マリアンヌ・クライネット・ルーズベルト 【ルーズベルト公爵視点】
すみません、投稿遅くなりました。
マリアンヌ・クライネット・ルーズベルト。ルーズベルト公爵家の次女で、未婚で婚約者も居ない女性の中でライラック姫の次に高い地位を持つ人物。社交界の鑑と名高いジャネット・ルーズベルト・マクレーン公爵夫人を姉に持ち。前王妃の姪。
そんな彼女が外出から帰ると部屋へ駆け込み、ぐしゃりと握り潰した手紙を片手に、自室で泣き濡れていた。婚約者であったマロウ公子が亡くなった時でさえ、毅然とした態度で正に貴族といったふうに過ごしていたのに。

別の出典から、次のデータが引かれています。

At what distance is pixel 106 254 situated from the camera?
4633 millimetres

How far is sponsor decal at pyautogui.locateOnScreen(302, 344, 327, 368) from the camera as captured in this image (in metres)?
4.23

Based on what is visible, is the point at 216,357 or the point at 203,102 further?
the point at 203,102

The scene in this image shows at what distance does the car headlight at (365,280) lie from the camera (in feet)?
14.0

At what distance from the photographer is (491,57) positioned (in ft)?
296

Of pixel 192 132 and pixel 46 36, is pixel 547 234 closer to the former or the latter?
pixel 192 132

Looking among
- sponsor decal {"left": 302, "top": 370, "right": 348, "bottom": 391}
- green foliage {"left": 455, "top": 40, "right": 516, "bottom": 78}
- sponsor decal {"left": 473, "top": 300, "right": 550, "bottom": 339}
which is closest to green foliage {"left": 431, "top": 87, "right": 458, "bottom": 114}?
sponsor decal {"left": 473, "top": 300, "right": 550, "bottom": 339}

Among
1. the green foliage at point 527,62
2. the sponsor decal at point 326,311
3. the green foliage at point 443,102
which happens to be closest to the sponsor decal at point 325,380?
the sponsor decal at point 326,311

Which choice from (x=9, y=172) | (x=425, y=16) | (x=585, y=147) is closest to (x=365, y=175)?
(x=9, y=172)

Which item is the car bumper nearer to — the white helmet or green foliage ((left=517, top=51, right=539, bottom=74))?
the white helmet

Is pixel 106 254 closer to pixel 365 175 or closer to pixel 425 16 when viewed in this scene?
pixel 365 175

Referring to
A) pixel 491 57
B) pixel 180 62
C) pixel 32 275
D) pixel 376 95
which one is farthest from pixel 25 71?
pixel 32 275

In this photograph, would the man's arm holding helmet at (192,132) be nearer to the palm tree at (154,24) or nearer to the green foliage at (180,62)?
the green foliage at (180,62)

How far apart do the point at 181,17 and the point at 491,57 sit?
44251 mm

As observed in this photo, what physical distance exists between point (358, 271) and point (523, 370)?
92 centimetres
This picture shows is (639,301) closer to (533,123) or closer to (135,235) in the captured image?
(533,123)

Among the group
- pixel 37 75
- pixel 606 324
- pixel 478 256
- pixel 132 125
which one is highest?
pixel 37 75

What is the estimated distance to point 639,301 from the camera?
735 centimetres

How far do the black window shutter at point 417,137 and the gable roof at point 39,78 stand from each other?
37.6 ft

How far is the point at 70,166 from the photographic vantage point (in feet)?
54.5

彼女の侍女や乳母はオロオロと、マリアンヌを宥めるが、その行為は虚しく、食事すらまともに取ろうとしない主人に心を痛めていた。
「マリアンヌの様子はどうだい?」
ルーズベルト公爵の言葉に、乳母は力無く首をよこに振る。
「そうか、大公殿下から断られたことが、そんなに応えているのか…」
この結婚の打診に、勝算があった。マリアンヌは婚期が過ぎ、事故で婚約者を無くした身だが、相手は10歳以上も年上、婚約を亡くしたなど気にするまい。また、我が家に借りのある身だ。本来なら、王太子妃にと育てたマリアンヌをくれてやるのも惜しいが、マリアンヌがどうしてもと頼み込むので渋々申し込んだ縁談だった。公爵には文章での断りを、マリアンヌには例に漏れず一輪の白いチューリップと、貴女には相応しい方がいるというメッセージカードのみで断りを入れてきた。

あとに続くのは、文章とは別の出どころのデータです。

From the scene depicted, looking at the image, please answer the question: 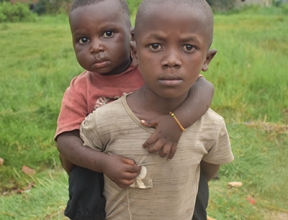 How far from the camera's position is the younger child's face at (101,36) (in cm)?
158

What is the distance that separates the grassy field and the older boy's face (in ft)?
5.69

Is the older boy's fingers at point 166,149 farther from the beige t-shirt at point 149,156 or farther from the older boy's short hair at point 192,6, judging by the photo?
the older boy's short hair at point 192,6

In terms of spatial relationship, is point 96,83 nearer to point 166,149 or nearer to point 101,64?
point 101,64

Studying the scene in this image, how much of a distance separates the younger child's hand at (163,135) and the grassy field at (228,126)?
5.14 feet

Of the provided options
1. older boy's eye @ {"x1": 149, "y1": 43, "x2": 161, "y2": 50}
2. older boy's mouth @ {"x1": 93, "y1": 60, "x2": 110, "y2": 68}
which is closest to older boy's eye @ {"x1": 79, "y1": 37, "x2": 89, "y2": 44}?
older boy's mouth @ {"x1": 93, "y1": 60, "x2": 110, "y2": 68}

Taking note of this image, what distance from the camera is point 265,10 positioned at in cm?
1878

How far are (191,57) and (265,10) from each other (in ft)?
61.1

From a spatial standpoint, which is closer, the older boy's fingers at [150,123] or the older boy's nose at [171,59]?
the older boy's nose at [171,59]

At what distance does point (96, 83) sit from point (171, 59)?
1.33 ft

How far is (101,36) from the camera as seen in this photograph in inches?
63.5

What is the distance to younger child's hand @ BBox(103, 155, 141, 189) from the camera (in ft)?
4.89

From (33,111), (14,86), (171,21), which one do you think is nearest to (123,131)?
(171,21)

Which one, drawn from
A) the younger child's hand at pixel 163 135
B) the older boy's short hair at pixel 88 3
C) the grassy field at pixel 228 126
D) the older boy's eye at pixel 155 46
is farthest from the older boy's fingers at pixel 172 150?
the grassy field at pixel 228 126

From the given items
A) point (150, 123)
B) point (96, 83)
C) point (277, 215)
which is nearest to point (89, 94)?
point (96, 83) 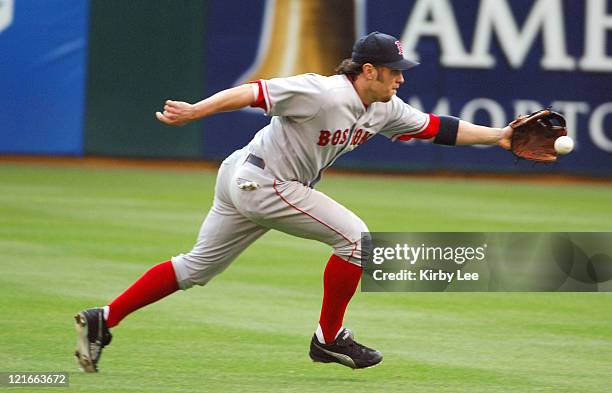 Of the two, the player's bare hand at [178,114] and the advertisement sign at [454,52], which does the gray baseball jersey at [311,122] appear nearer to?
the player's bare hand at [178,114]

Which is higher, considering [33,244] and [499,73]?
[499,73]

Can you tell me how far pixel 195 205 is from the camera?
13.7m

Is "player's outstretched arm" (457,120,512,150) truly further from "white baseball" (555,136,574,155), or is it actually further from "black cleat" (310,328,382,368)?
"black cleat" (310,328,382,368)

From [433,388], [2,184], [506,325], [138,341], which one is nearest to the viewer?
[433,388]

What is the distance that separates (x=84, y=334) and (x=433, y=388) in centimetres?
171

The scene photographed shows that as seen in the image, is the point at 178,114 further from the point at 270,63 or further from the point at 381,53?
the point at 270,63

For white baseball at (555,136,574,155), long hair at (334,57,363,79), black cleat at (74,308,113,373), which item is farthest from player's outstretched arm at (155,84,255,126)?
white baseball at (555,136,574,155)

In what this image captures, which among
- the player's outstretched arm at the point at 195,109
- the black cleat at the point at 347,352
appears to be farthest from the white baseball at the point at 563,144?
the player's outstretched arm at the point at 195,109

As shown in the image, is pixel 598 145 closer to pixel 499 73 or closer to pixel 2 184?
pixel 499 73

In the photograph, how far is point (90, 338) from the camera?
19.8 feet

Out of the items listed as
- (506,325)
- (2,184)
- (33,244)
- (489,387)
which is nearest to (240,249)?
(489,387)

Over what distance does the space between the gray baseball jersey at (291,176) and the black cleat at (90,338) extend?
46 centimetres

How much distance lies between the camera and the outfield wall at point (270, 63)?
1692cm

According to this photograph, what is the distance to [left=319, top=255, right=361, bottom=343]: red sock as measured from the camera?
6.19 meters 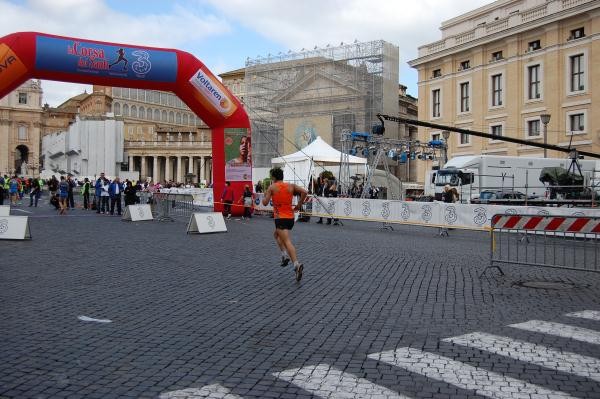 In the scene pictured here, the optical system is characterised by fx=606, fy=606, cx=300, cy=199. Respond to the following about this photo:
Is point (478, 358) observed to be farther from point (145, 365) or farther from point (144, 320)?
point (144, 320)

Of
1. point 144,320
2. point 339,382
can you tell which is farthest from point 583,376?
point 144,320

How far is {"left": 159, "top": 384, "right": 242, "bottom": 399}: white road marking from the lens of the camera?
4218 mm

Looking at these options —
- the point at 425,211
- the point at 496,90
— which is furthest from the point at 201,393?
the point at 496,90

白いチューリップの花言葉は、失われた愛。全く馬鹿にしおって!
我が娘の何が気に入らぬというのだ。家柄、容姿、立ち振る舞いともに完璧だというに…。大公殿下の決まった相手といえばエルニア公爵夫人。29歳の女盛り、妖艶な美貌の持ち主だが…。彼女がネックに?いや、夫人となら婚姻後も…。

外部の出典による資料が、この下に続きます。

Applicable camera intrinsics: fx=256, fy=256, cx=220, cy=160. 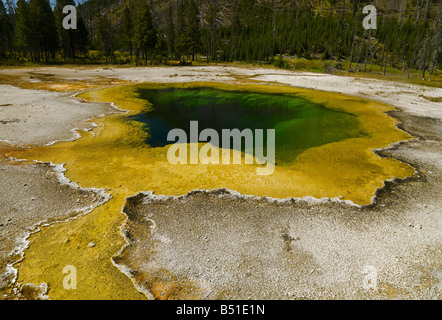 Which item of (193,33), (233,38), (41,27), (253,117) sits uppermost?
(233,38)

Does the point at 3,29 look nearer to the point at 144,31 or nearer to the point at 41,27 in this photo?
the point at 41,27

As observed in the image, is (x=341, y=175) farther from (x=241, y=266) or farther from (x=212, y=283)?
(x=212, y=283)

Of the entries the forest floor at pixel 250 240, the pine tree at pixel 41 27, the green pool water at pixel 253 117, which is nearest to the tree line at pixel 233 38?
the pine tree at pixel 41 27

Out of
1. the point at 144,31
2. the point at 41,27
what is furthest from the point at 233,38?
the point at 41,27

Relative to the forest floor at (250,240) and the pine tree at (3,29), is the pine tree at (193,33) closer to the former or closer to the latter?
the pine tree at (3,29)

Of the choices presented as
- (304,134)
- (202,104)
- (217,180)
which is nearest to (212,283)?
(217,180)

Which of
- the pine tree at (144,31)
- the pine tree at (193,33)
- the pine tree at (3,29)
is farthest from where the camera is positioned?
the pine tree at (193,33) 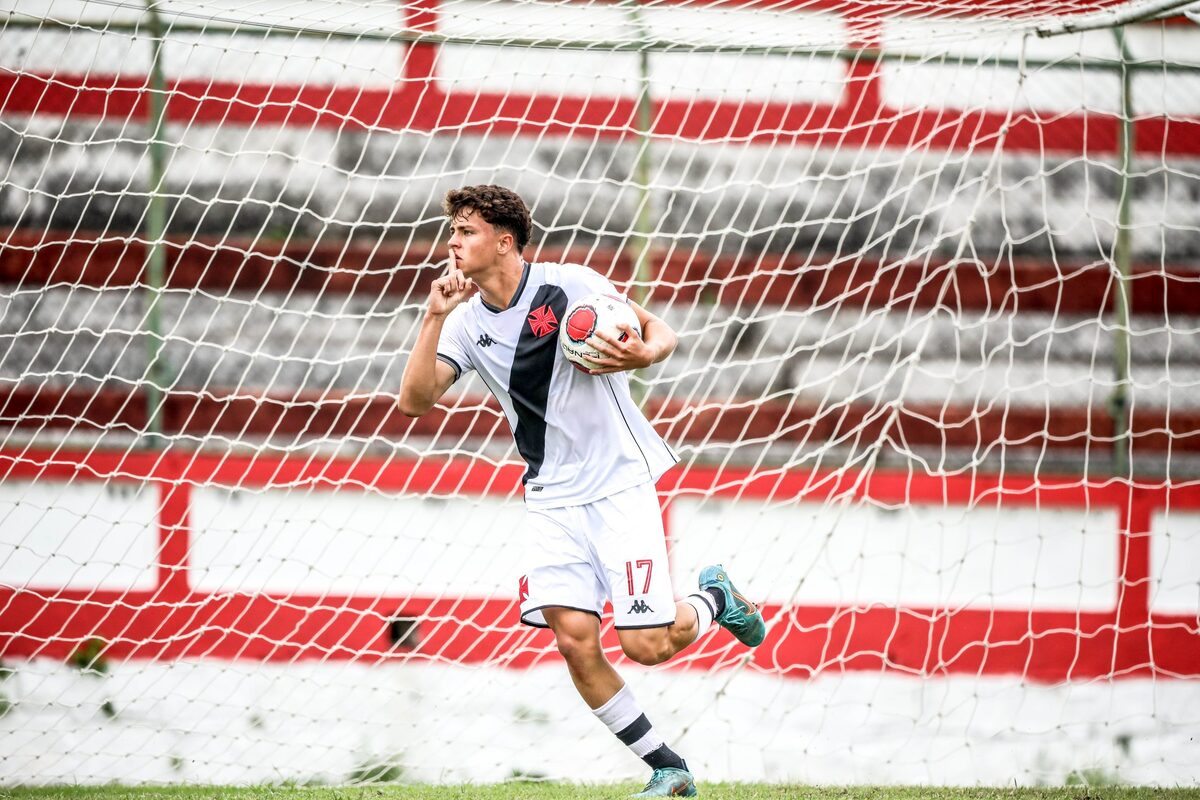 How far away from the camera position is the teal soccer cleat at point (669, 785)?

はっ、そうか、マリアンヌと結婚したら、我が家に遠慮す必要がでるからな。マリアンヌは軽んじて良い娘では無い。まあ、大公殿下が躊躇なさる理由もわからんでもないな…。
だが、泣き濡れる娘が不憫でならないのも親の心情。
「どうしたものか…」
と零せば、家令が妙案とばかりに進言する。
「陛下に御相談なさるのはいかがでしょう」
全くわかっていない。それができれば苦労はせぬ。
「そんなことをしたら、王太子の後妻にと丸め込まれるのが落ちだ」
その昔、王太子との婚約を嫌がって、本人がさっさと婚約者を決めたというに…。あちらは廃妃となり処罰を待つ身、こちらは亡くなるとは…。大公殿下との婚姻をと言えば、大公より王太子の方が身分も歳も釣り合おうと言われるのは目に見えておる。娘は王太子の顔が生理的に受け付けないとは口が裂けても言えん。娘が大公殿下に惚れているといえば、王太子も娘に惚れていると言われるだろう。難儀なことだ、久々に王都へ帰還なさったから我が娘のことを聞き及んでと思っていたのだが、思い違いだったとは。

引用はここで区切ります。